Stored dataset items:

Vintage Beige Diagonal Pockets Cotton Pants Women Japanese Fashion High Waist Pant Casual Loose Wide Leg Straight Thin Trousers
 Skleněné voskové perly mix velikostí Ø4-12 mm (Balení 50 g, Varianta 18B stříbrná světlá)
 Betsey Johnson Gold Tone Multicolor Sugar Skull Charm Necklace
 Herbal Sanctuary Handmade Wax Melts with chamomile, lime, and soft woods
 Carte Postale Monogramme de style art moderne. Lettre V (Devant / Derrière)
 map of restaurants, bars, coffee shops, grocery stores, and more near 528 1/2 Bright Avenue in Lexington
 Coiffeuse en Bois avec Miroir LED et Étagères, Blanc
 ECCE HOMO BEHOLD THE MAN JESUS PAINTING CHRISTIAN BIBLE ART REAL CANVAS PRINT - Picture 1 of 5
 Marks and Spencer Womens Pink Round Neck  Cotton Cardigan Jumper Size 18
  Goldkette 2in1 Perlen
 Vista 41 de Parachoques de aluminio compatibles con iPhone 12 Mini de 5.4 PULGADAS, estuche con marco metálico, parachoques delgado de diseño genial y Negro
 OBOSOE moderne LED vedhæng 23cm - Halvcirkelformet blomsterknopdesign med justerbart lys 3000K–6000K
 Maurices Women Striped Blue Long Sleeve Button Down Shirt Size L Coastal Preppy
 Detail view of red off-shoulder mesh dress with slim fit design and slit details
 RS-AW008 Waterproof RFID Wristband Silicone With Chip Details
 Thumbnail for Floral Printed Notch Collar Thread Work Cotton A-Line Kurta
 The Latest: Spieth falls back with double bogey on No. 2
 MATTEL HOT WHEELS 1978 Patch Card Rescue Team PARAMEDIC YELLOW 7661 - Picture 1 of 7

WORK ORDER: Using the data above, reproduce exactly the lines between those holding "Carte Postale Monogramme" and "Vista 41 de", inclusive, and no others.

EXERCISE RESULT:
 Carte Postale Monogramme de style art moderne. Lettre V (Devant / Derrière)
 map of restaurants, bars, coffee shops, grocery stores, and more near 528 1/2 Bright Avenue in Lexington
 Coiffeuse en Bois avec Miroir LED et Étagères, Blanc
 ECCE HOMO BEHOLD THE MAN JESUS PAINTING CHRISTIAN BIBLE ART REAL CANVAS PRINT - Picture 1 of 5
 Marks and Spencer Womens Pink Round Neck  Cotton Cardigan Jumper Size 18
  Goldkette 2in1 Perlen
 Vista 41 de Parachoques de aluminio compatibles con iPhone 12 Mini de 5.4 PULGADAS, estuche con marco metálico, parachoques delgado de diseño genial y Negro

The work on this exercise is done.